_Your task_
Word for word, restate the listing that follows and leave out the images.

_Collected data_
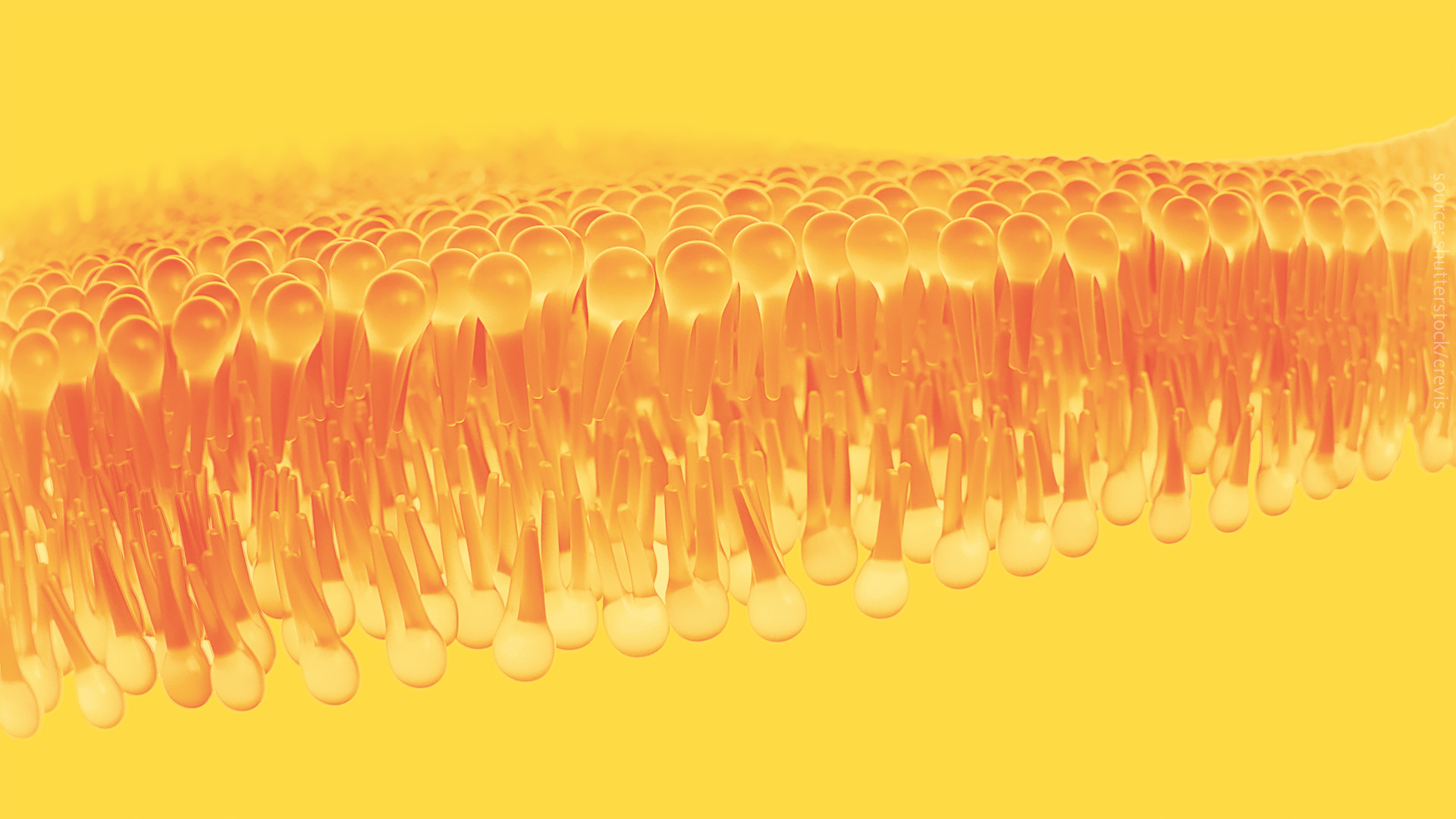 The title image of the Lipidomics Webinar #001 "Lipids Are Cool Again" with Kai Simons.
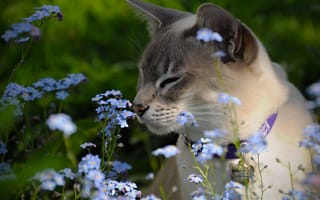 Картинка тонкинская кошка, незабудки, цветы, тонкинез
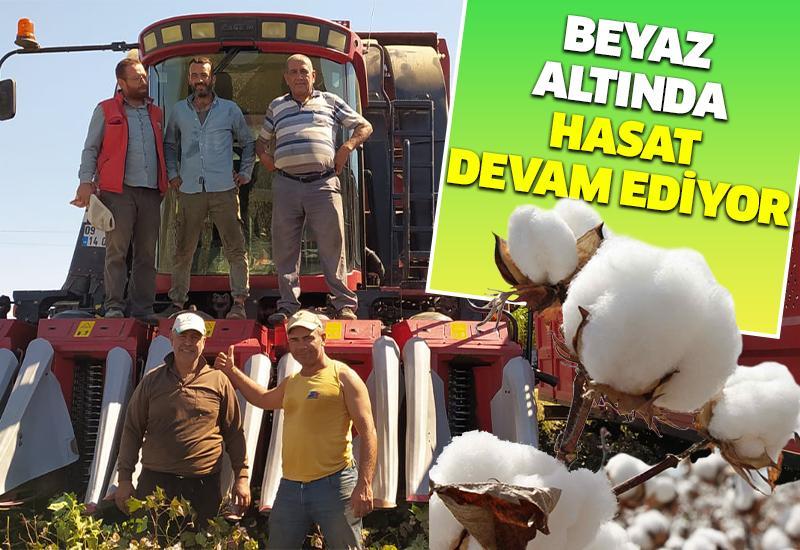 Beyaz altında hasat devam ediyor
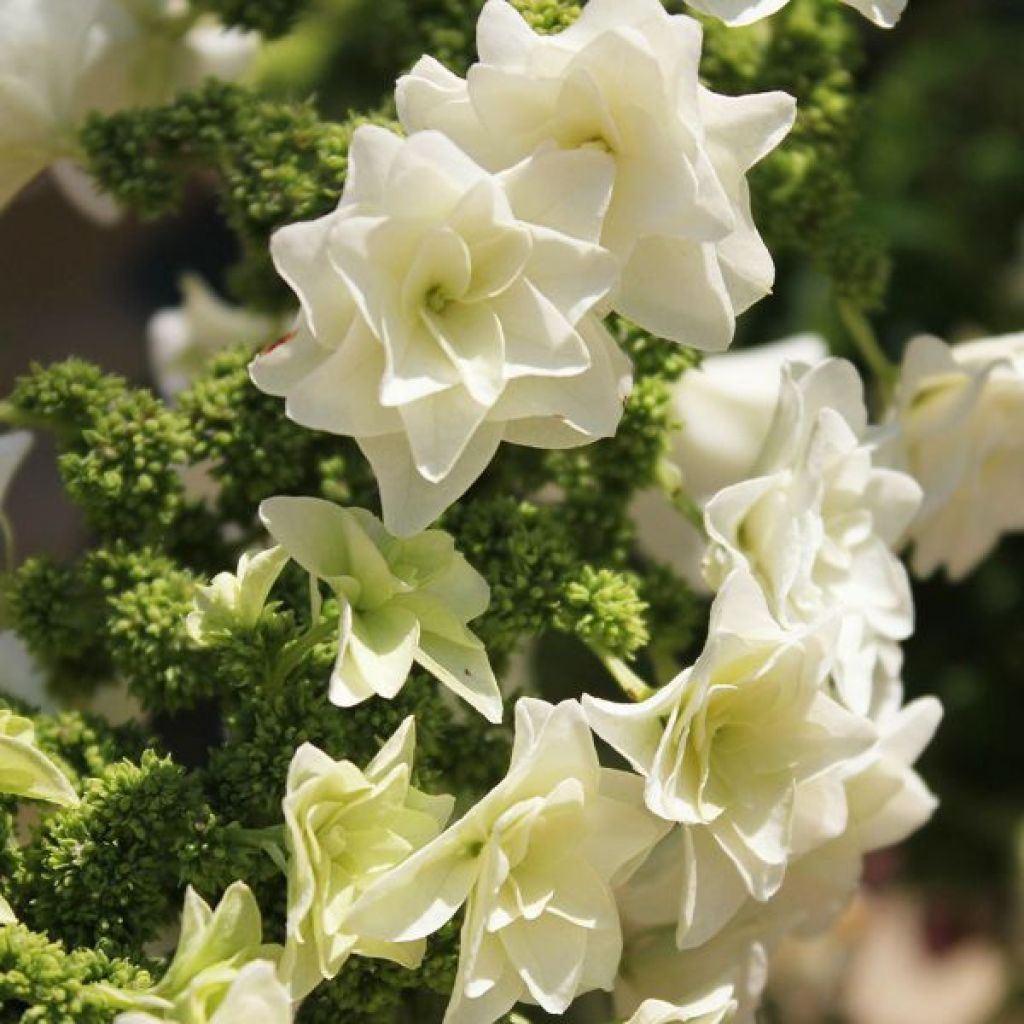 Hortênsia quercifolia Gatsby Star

_Written answer_
 The title image of the Lipidomics Webinar #001 "Lipids Are Cool Again" with Kai Simons.
 Картинка тонкинская кошка, незабудки, цветы, тонкинез
 Beyaz altında hasat devam ediyor
 Hortênsia quercifolia Gatsby Star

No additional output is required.